With writing that sometimes problematizes – and often refuses – the binary oppositions in which we are accustomed to seeing the world (one/several; male/female; married/unmarried; native/foreign; here/there), Pierce and Corpuz do not so much provide a solution as restate the problem: Why ask the question at all? Why, finally, choose this or that? Does intercourse – sexual, verbal, or otherwise – depend, absolutely, on choosing one over the other?

The authors decide not to decide. They launch their exchange in binary terms:

The letter begins as
an occasion. It
begins as a message
from addresser to
addressee from
correspondent to
correspondent.

But it’s not long before they have, together, modified their view:

An intimate letter
has no end, has no
beginning either, has
only middle, that is
to say “middle” as
substance.

Problems of binary thinking propel the exchanges between the two epistolary partners in this book. But a preference for some third is voiced, and it is in pursuit of this third or “middle” path that the book is written. The resulting ménage à trois interrupts the initial tête-à-tête, and to seductive, and sometimes mournful, effect. “Quick fingers are better tools than zeros and ones,” the correspondents write, before elaborating in a pining and punning footnote, “One and zero is all alone. Only a dome in solo. One solitary solace. A single son. A one on your shoe lace. Lonely tome in one ton. In tune soliloquy in a single tone.
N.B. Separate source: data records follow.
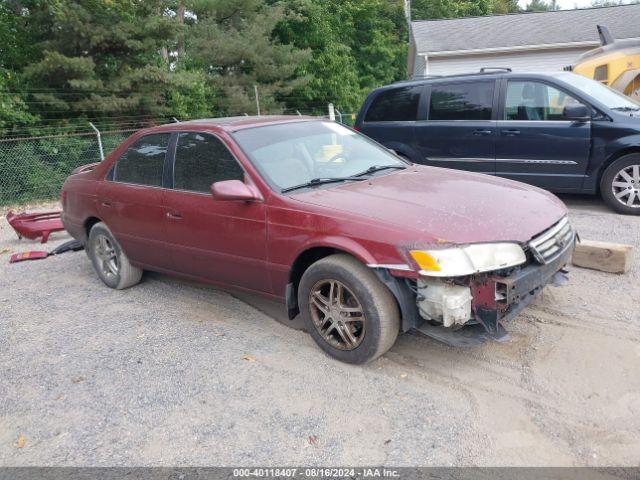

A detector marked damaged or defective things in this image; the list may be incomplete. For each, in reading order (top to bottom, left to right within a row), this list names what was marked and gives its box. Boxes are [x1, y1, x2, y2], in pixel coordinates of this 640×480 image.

exposed headlight assembly [410, 244, 524, 278]
damaged front end of car [370, 217, 576, 344]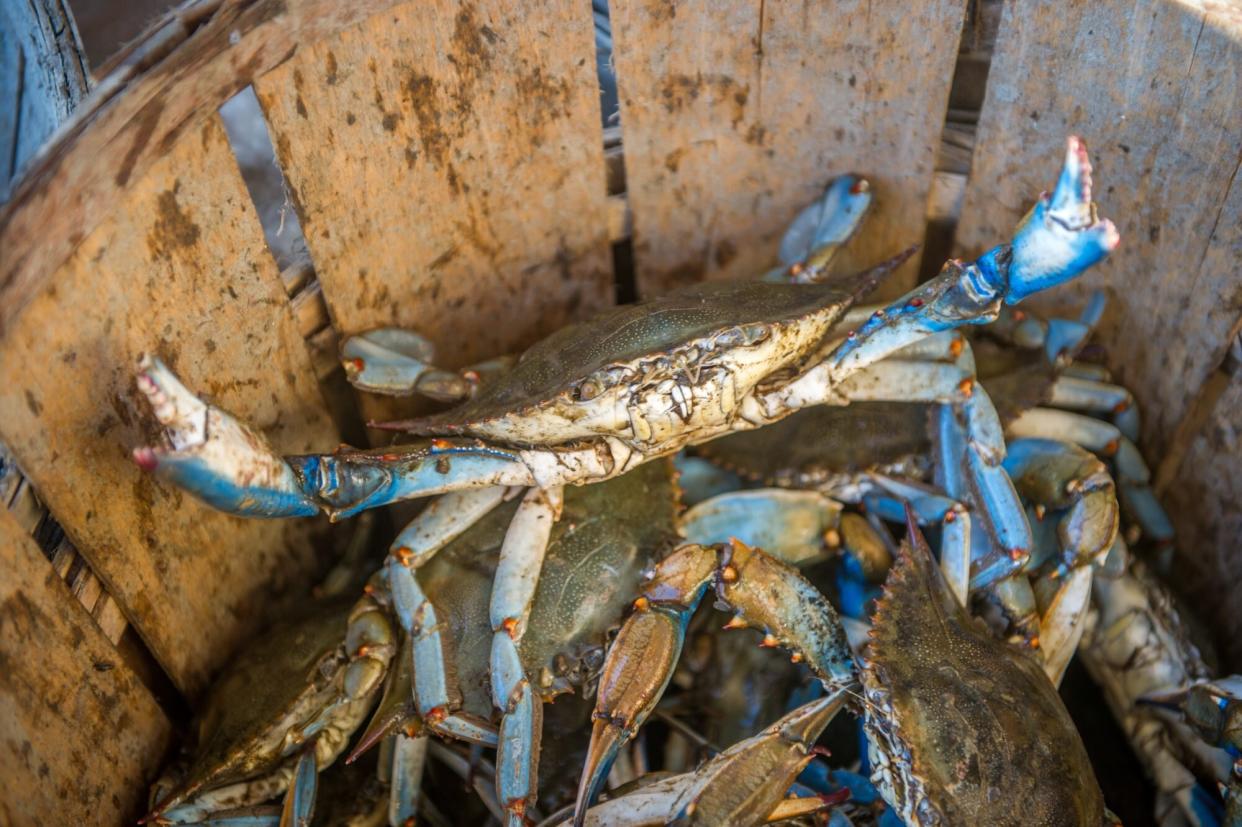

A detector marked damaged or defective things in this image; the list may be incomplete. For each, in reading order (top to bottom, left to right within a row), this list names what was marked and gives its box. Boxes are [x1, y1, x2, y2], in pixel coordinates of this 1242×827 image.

splintered wood edge [0, 0, 402, 337]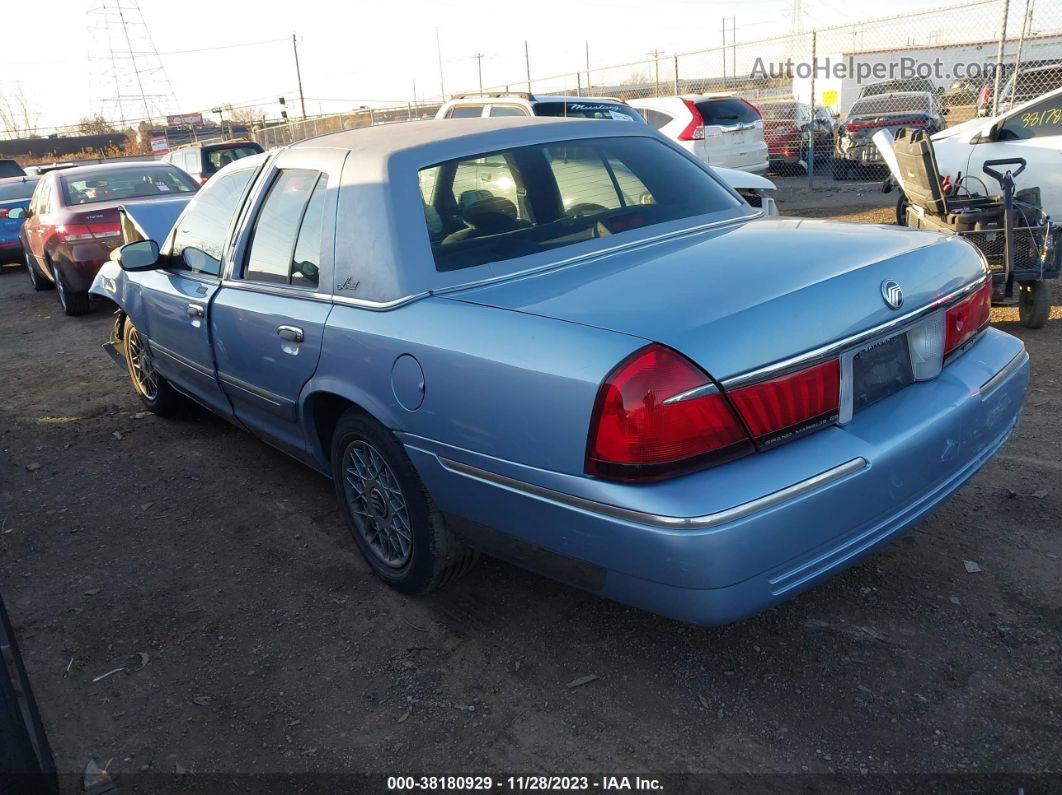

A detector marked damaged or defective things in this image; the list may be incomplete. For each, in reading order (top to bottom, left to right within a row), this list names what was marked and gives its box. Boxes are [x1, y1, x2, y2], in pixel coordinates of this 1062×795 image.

damaged vehicle [93, 118, 1032, 628]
One inconsolable sole….”

The angst and melancholy pervading this book is at once offset and underscored by ludic linguistics and an engagement with the trivia of mundane existence. Some passages playfully emphasize the endless permutations of surface language, even while plumbing the scatological depths of the everyday:

This his is
Isis or ibis
hissing sighs
and sign-language
Shit and sit
and shit
and hit
the height
of his
as is
as such
sissy suck
the sister
sins in this
as in a lisp
or sin
so-so
so far
high sifts
the sins
and signs
for this
is this
….

Other passages exalt with their tones what they bereave in their terms:

I can’t even eat this damnable alphabet soup. It’s too cold….I bed with insomnia, and your beaux have left their stink in my sheets. You have eaten them out of me….If I could say I have had enough, turn your ladle away, but I bend to spoon morsels of quotidian from your chin, hunger on your misgivings as you take the carving knife and slit me in thin slices for everyone to see. O, translucent and gullible love!
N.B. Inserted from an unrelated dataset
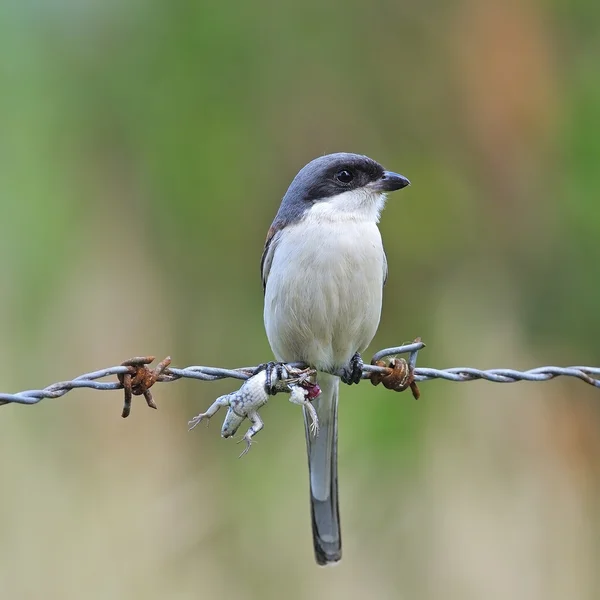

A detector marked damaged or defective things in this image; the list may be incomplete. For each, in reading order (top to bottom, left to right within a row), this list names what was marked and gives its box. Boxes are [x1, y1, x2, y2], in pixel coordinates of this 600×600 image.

rusty barb [0, 340, 596, 414]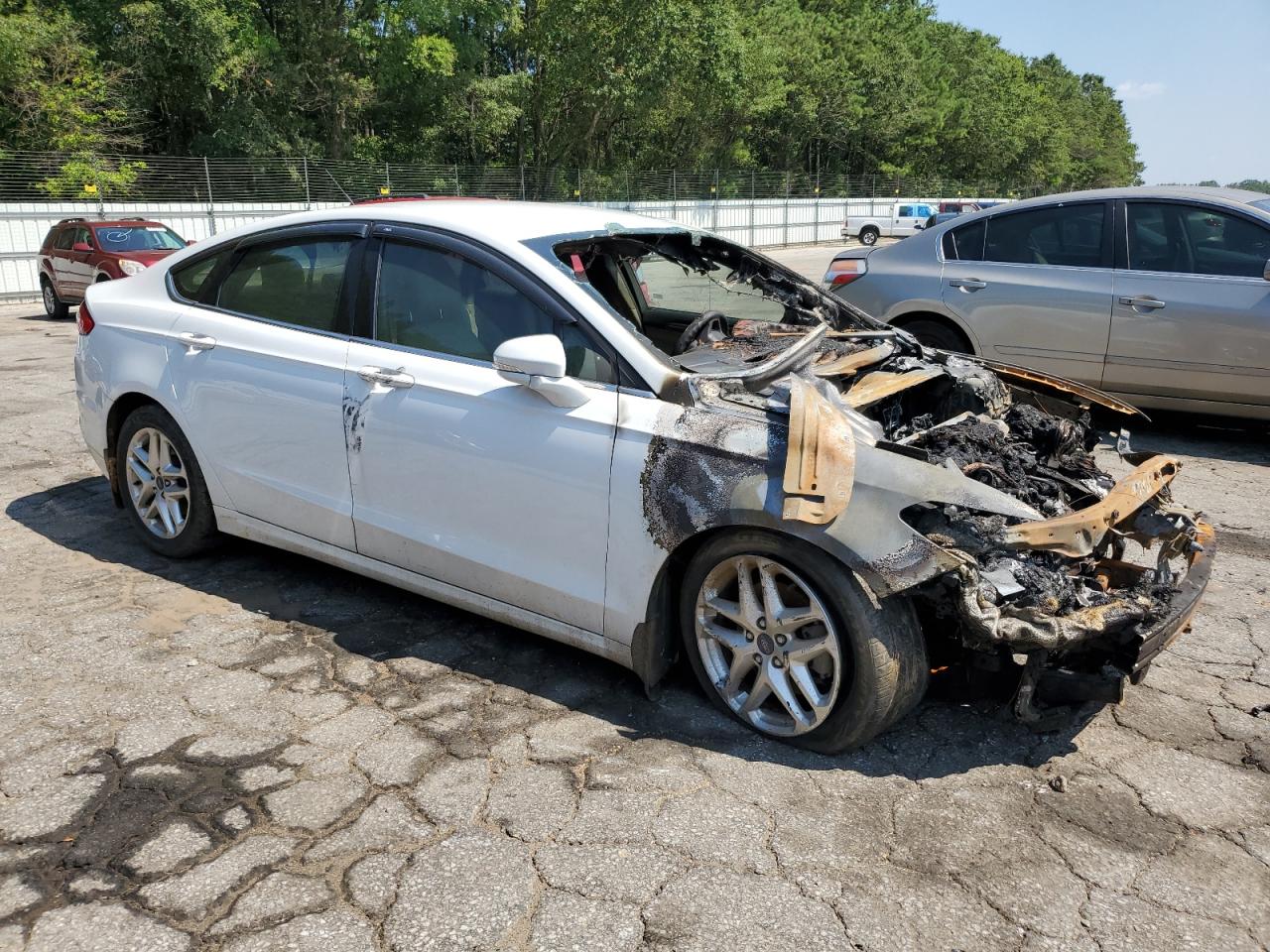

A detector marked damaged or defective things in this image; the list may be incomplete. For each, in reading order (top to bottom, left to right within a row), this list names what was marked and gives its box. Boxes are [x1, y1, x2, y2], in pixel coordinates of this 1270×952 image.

cracked asphalt [2, 294, 1270, 948]
burned ford fusion [540, 225, 1214, 750]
The writers are thus able to register grief, even while ironizing it with a kind of exhilarated soliloquizing.

The carving and slicing of the body in the above passage has been prefigured: “These days our sentences get cut in the middle and organize us to their architecture.” In fact, the notion of “cutting in” is prevalent in this book, and it appears in several guises. Some are formal: divided sentences, prominent white space separating lines or passages, and the interruptive nature of the call-and-response of letter-writing itself. Others are thematic: the intrusion of putative third-party voices, a concern with penetration and punctuation (from sodomy to hyphenation, from viewpoints to pointilism), and, above all, an obsession with the cutting-in of a third party on a pair (threesomes are embedded and in-bedded throughout the book).

This latter concern punctuates many passages, issuing in phrases fraught with worry and wrought in anxious precision: “Points of view:…We saw a widow. Infidelities in plural. In misery some find consensus.” Forty pages later, the sentiment is revisited:

“Points of view: insufficient, inadequate, meager, lean…Sanctity found in wedding vows and matrimonial panoply. She wore her wedding ring until it bore wedlock trench around her banded finger. Without it, she felt as if faced to a platoon. He commandeered his squadron and shifted his load. Rueful.”
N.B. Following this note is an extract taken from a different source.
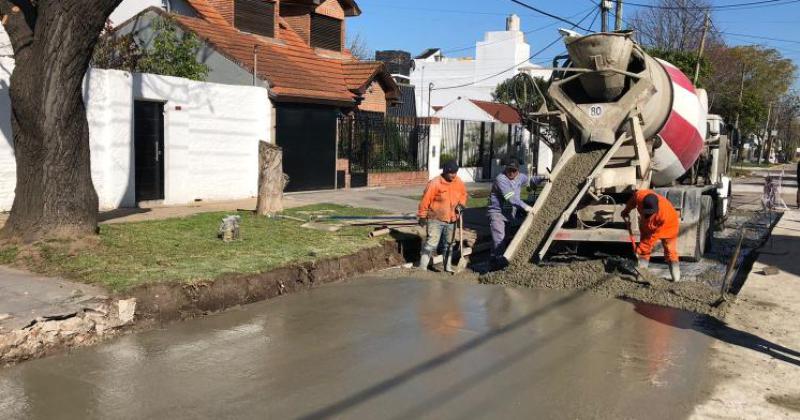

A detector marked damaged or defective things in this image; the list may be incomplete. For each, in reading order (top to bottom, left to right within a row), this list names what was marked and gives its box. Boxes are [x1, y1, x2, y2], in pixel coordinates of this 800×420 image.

broken concrete chunk [116, 298, 137, 324]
But while this book addresses rue, it never expresses ruefulness – not, anyway, without an equal measure of joy. In fact, the tone of TRI / VIA is at once serious and flirtatious, and its expressions both melancholy and excited, sincere and parodic; each cuts into the other. Consider this excerpt from a mock-questionnaire, in which the critical takes the form of the comical:

1. What is the nature of your visit?

     a. Divine. I rarely make house calls to tell a woman she has
         immaculately conceived the Messiah.
     b. I followed the white rabbit.
     c. A tornado, a house, a pair of ruby shoes one size too small.
     d. I can’t quite get rid of this itch.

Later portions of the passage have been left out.